My rebirth would come as you being added to my list of emotional trauma. Sounds drastic. However october 2012 was the last time we spoke as not only a couple but as genuine best friends. The “I’ll call you everyday, I’ll show you my scars, and laugh about shenanigans at the North Avenue bus stop kind of friends. It’s fair to say you were my first love, not romantically but platonically. You were one of the people that made me value the voice outside of my head and outside of my family. I loved you because you were my friend. You were the first person I told about sexual trauma outside of my family. I was irritable, upset, and watching your words leave your mouth and swim around my head. It was summer. I was wearing a tan Care Bears t-shirt. I cried to you while enjoying badly cooked chicken teriyaki. At that moment, you gave me something I hadn’t had before. Acknowledgement. Acceptance. An apology and he had committed no act against my autonomy. We would talk about that for hours. You would tell stories of escaping the hell constructed at home. The history of the scars to prove it.
I didn’t plan for us to get married or be partnered forever. However, I thought we would be able to maintain our connection. I remember the day I knew our friendship (and relationship) was over. You stopped answering my phone calls. No texts, the exception was to express sarcasm. The photo of your new girl wearing your sweatshirt. I saw the photo and a part of me turned to stone. It turns out, you had known her a while. Spent the last few months of your time in Maryland, getting acquainted via text. Wires crossed in my brain. There I was worried about you maneuvering through a new place and school. There I was ready to tell you about the nonsensical lit professor who cursed like a sailor and dribbled when he spoke. I wanted to hear about the dullness of your degree. My newfound college experience found me isolated in a sea of private school white girls who couldn’t fathom the thought of actually living and commuting from West Baltimore. My mom didn’t understand why this was so hard for me because it was “school,”- a thing i was good at, regardless of what was happening socially.

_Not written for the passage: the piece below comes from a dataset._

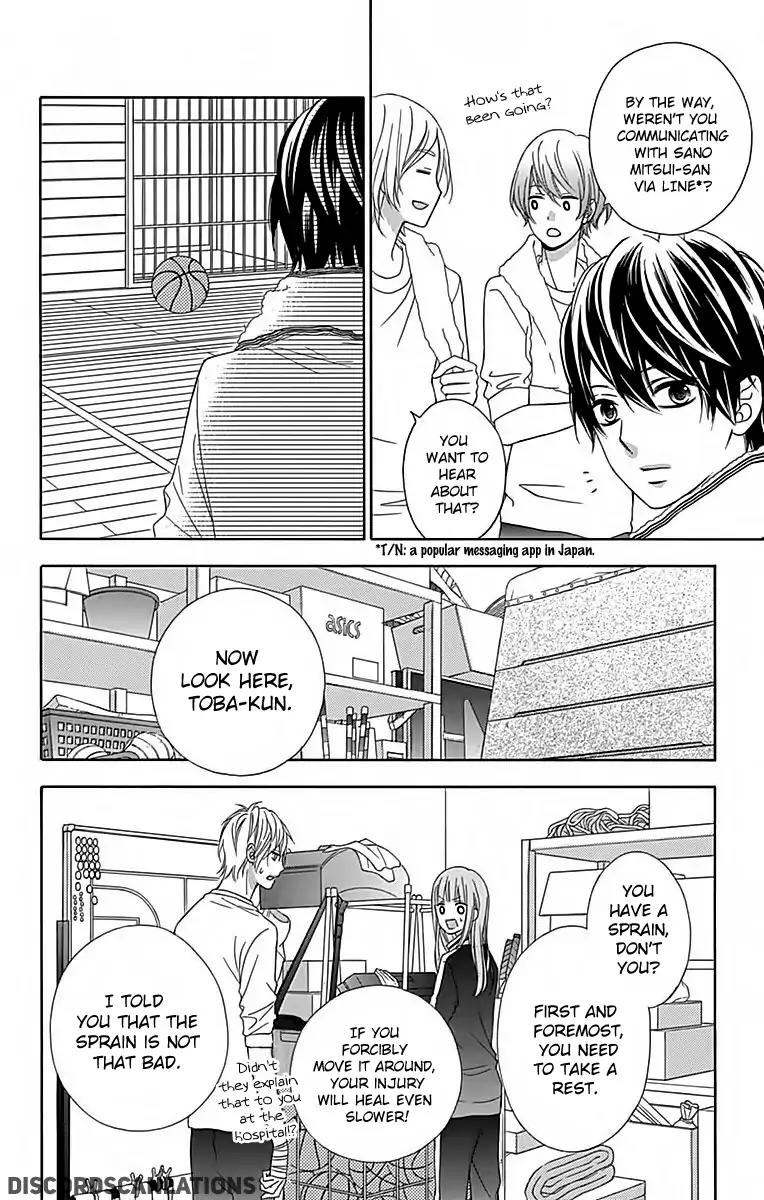 Tsubasa to Hotaru Chapter 26 page 28 - Chapter 26: Day 26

You took what you needed to grow and flourish while I was splitting into two people. Reimagining and discovering the truths of what I had been avoiding within myself. Somehow, what could be described just simply as teen drama became a catalyst for confronting my trauma. I had more issues than Ebony magazine. I had uncertainty about myself, my choices, and my interactions. It was the start of an ongoing healing process. The piece of me, the seed you used for growth, you can keep if it’s still available. You were my friend and then you weren’t.